Comments:"Well, I'm Back: Blink, PNaCl, And Standards"
URL:http://robert.ocallahan.org/2013/05/blink-pnacl-and-standards.html
When the Blink fork was announced, it came with an admirable commitment to good citizenship when adding new Web-exposed features. Unfortunately, Google has recently announced that they will expose Portable Native Client (PNaCl) --- and by extension, the Pepper APIs --- to all Web pages, a move which clearly runs counter to Blink's commitments.
PNaCl is an execution framework that lets Web developers compile code in various languages using LLVM-based compilers to LLVM "bitcode", which is then served to clients (i.e. Chrome) which compile it down into native code. To be useful, code needs APIs to interact with the outside world (e.g. graphics APIs), so Google created the "Pepper" APIs for NaCl/PNaCl applications to use. Let's see how PNaCl and Pepper stack up against the Blink principles:
- In practice, we strive to ensure that the features we ship by default have open standards. PNaCl and Pepper are not open standards, and there are not even any proposals on the table to standardize them in any forum. They have documentation, but for the details one must defer to the large bundle of Chrome code that implements them. Other vendors wishing to support PNaCl or Pepper would have to adopt or reverse-engineer this code.

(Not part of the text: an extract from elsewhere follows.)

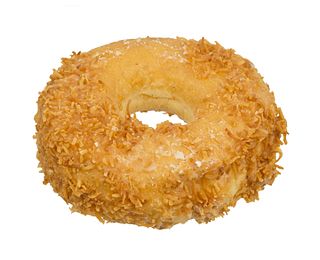 <span class="mw-page-title-main">Coconut doughnut</span> Type of doughnut in the United States and Canada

- Factors that decrease compatibility risk (in rough order of importance): Other vendors shipping compatible implementations A mature specification in the relevant standards body Positive signals from other browser vendors A small API footprint PNaCl and Pepper satisfy none of these. In particular, there are no positive signals from other browser vendors; in fact all the signals I've detected have been hostile.

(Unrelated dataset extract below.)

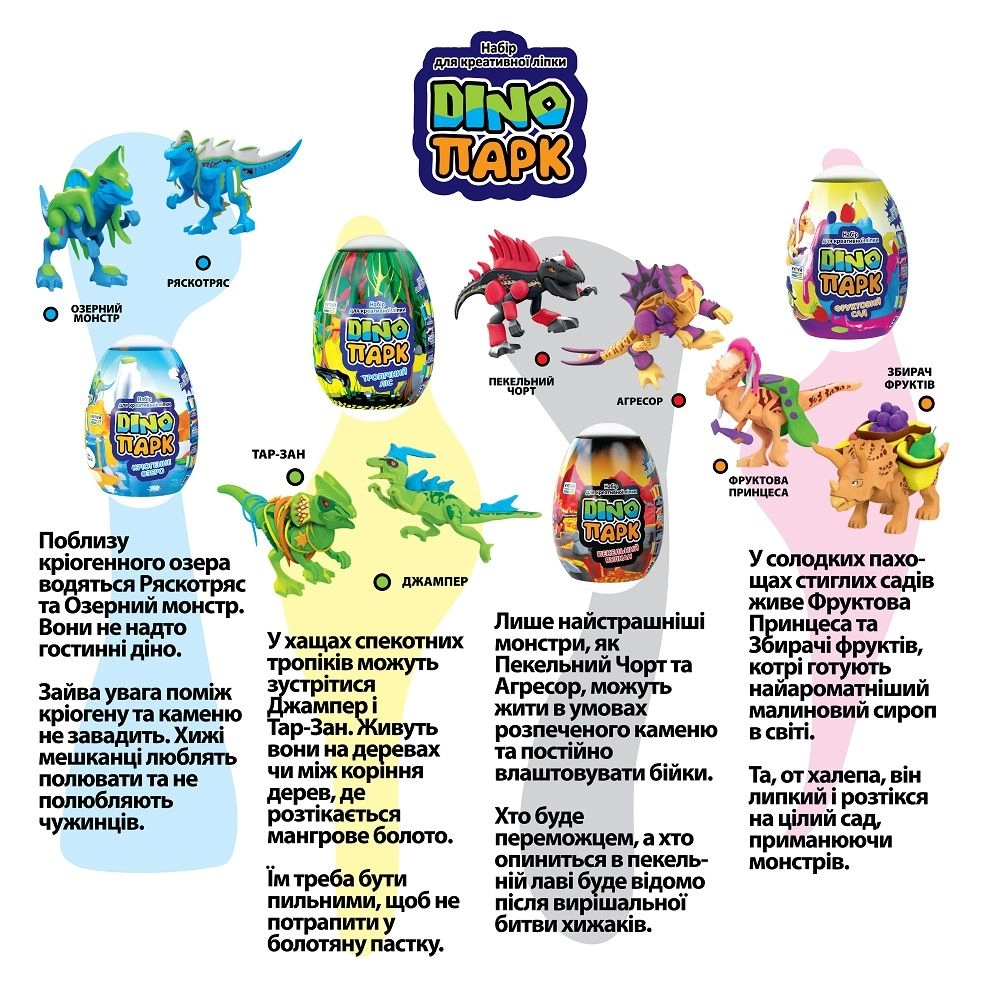 Набір для креативної творчості "Lovin`Do Dino Парк", 100*160 мм, 41129 3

- The following tiers are good rules of thumb to know that the feature is on the right track (ordered by increasing risk to compatibility and therefore decreasing order of desirability): Two other browser engines already ship roughly interoperable implementations in stable or experimental channels. In this situation, the feature is already a de facto standard. If a de jure standard does not yet exist, we should help create one. One other browser engine ships a roughly interoperable implementation in a stable or experimental channel, we believe the feature to be stable, and we’ve consulted with the appropriate standards body. The appropriate standards body considers the feature ready for implementation. For example, the W3C issuing a Call for Implementations or publishing a Candidate Recommendation of the feature would meet this guideline. The specification for the feature has been accepted by the appropriate standards working group (e.g., a First Public Working Draft in the W3C) and we’ve received positive feedback from other browser engines about the feature’s feasibility and value.
The disconnect is alarming. Unfortunately it appears Blink's principles only apply to Blink, not Chrome as a whole. I'm sad, because this seriously undermines the value of the Blink team's good intentions; a Google team that doesn't want to be a good Web citizen can probably find a way to be "not Blink" and run roughshod over the Blink team's good work :-(.